Sur le plan des structures il faut une organisation de vaste
rassemblement qui rompe avec le système autocratique du FN. Il faut une
organisation plus décentralisée, plus polycentrée qui laisse la place
aux initiatives, qui valorisent les militants, l'action locale ainsi
que les techniques modernes de communication et d'action. Une
organisation qui prenne en compte tous les talents et qui permette à
chaque leader de trouver sa place en fonction de ses capacités.
Il faut aussi une rénovation du projet. Car on ne peut pas proposer,
comme le font certains au FN, le retour à la France des années 50. Et
bien sûr on ne peut pas non plus, comme le fait la fille vouloir
rénover en alignant le discours sur celui de l'UMP. La solution est
ailleurs, elle est dans un projet élaboré, moderne et enraciné comme
celui que nous avons progressivement mis au point au sein du MNR.
Encore faut-il poursuivre ce travail. Car il faut l'adapter en
permanence aux nouvelles questions qui émergent, aux grands défis qui
nous sont lancés. De ce point de vue il importe par exemple de préciser
notre position sur la question de l'environnement.

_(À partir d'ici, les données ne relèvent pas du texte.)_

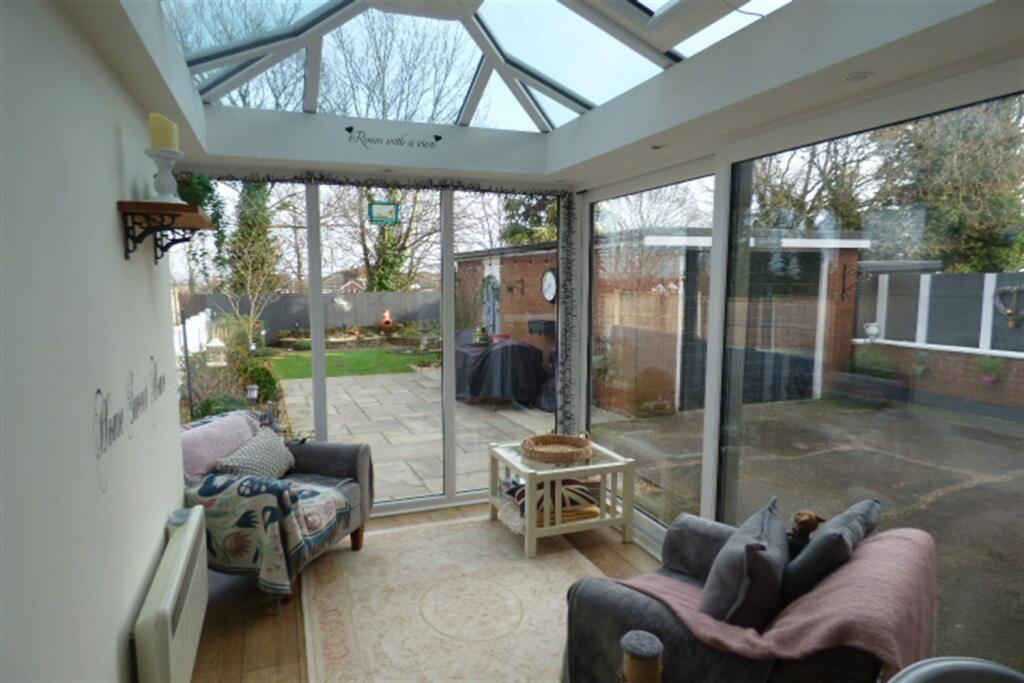 Orangery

Je suis frappé de constater à quel point cette question qui occupe la
une des médias a été confisquée par la gauche et les tenants du
mondialisme. Leur discours sur la nécessité de lutter contre les
pollutions et d'économiser l'énergie et les ressources de la planète
est utilisé pour aller encore plus loin dans la voie du mondialisme. Le
slogan qui revient d'ailleurs comme une rengaine est révélateur à cet
égard. On ne nous parle que de '' sauver la planète ''. Et pour cela il
nous faudrait adopter le mode de vie des bobos écolo gauchistes. Et
tous les jours on nous explique que pour sauver la planète il faut se
mortifier. Rien n'est plus débile. Car ce n'est pas les Français tous
seuls dans leur Hexagone qui sauveront la planète en ne tirant la
chasse d'eau qu'une fois par jour, en ne se lavant qu'une fois par
mois, en roulant à bicyclettes sous les averses, ou en triant chaque
matin ses ordures sur la table de la cuisine. Chaque fois qu'on
économise un mètre cube de CO2 en France, les Chinois en produisent
1000 mètres cubes supplémentaires rien qu'en produisant les objets que
nous leur achetons faute de pouvoir les produire chez nous.

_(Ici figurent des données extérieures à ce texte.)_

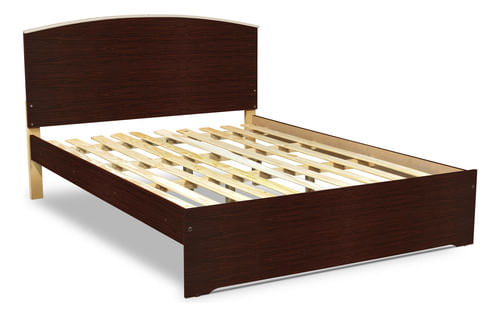 Cama-De-Dos-Plazas-Dormitorio-Incluye-Respaldo-Tabaco-mapletablero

Tout cela est aberrant. Il faut au contraire bien comprendre que ces
nouveaux enjeux écologiques peuvent nous permettre de sauver la France
et l'Europe. Ils offrent en effet de nouvelles opportunités à notre
pays et à notre continent. Plus que d'autres en effet nous sommes en
situation de nous abstraire de la dépendance à l'égard du pétrole par
exemple alors que la croissance chinoise va rapidement se heurter à la
rareté de l'énergie et des matières premières. De même, les exigences
écologiques peuvent constituer le meilleur des arguments pour s'opposer
à la mondialisation sauvage. La taxe carbone dont on parle ne doit pas
s'appliquer aux Français mais aux produits chinois, américains ou
indiens et réduire la compétitivité de ces pays qui polluent
allègrement et provoquent chez nous le chômage et la
désindustrialisation. Il faut aussi mettre en cause les transports
massifs de marchandises à travers les océans et prôner des économies
plus auto centrées et donc un maximum d'industrie sur notre sol et sur
le sol européen. Encore faut-il pour cela que la France et l'Europe
s'érigent en un pôle de puissance capable d'imposer cette volonté à
l'échelle du monde. Là encore la prise en compte des questions
environnementales passe par les solutions imaginées par le MNR : la
régulation de la mondialisation, la puissance de l'Europe, le
développement de son indépendance et de son industrie, la diffusion de
sa technologie et de son modèle.
Malgré les apparences nous sommes donc plus utiles et plus nécessaires
que jamais. Nous devons donc continuer notre combat et nous préparer à
incarner une grande alternative. Et pour cela il faut continuer à tenir
et durer en étant présents aux élections municipales et en développant
notre stratégie de rassemblement, de rénovation et de refondation.
Chers amis, la France a toujours besoin de nous.